**TASK DIRECTIONS**
Only the lines from the one containing "La loutre d’Europe" through the last line of the data below belong in your answer, copied exactly and without pictures.

**DATA EXCERPT**
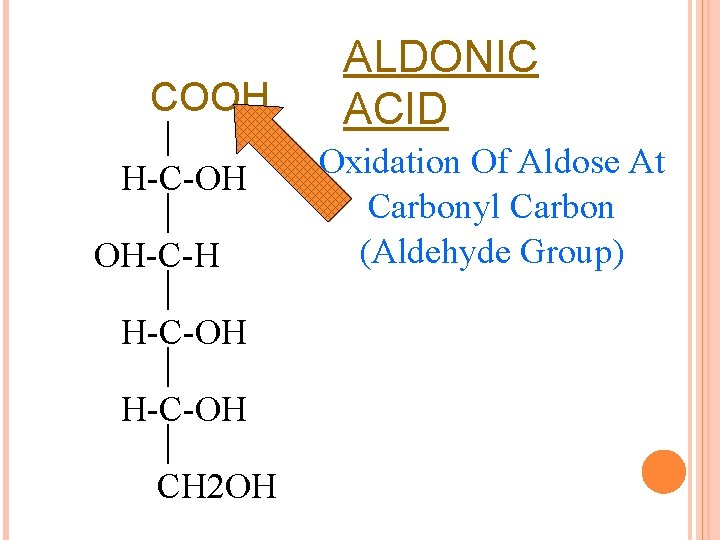 COOH H-C=O H-C-OH OH-C-H H-C-OH CH 2 OH ALDONIC ACID Oxidation Of Aldose At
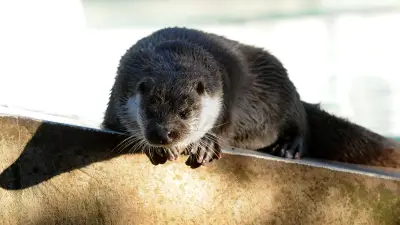 La loutre d’Europe a reconquis la Cèze après des décennies d’absence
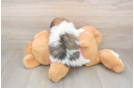 Pomachon Puppy for Adoption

**RESULT**
 La loutre d’Europe a reconquis la Cèze après des décennies d’absence
 Pomachon Puppy for Adoption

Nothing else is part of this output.